Grammar Bug: Sometimes words are only partially recognized
LazoCoder opened this issue · 0 comments
Problem
If I have a word like escape
in my grammar, sometimes whisper will output the first few letters esc
instead of the whole word. The expected behavior is that only the entire word should be recognized.
How to Reproduce (example 1)
Go into examples/command
and make a simple single line grammar root ::= " escape"
. Now if you say "escape" it will sometimes print out esc
instead of the whole word escape
. You can also try to say "essk" and that will also print out esc
but the expected behavior would be to print nothing. This is an invalid command.
How to Reproduce (example 2)
Another example is to set the grammar to root ::= " caps"

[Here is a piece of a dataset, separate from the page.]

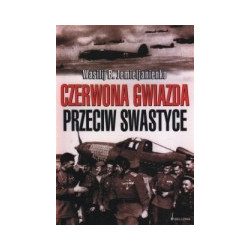 Czerwona gwiazda przeciw swastyce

. If you say "cap" it will print out cap
(without the s
). The expected behavior should be to print nothing because cap
is an invalid command, only caps
(with the s
) should be accepted.
My Setup
I'm running examples/command
with my custom grammar on a Window 10 machine via GPU/CUDA and I get the same problem whether I use ggml-small
or ggml-large-v2
.
Temporary Workaround Issue
I can remove invalid words in post processing but the problem is that these erroneous words prematurely cut off recognition of any other commands which should come after. For example, if I have a long list of commands like "please escape and log out", if escape
is incorrectly outputted as esc
then everything that comes after that command will be omitted from the output.
Notes
I noticed user @ulatekh also experienced this problem #2127 (comment) #2047 (comment). I created this issue as a response to this comment #2127 (comment).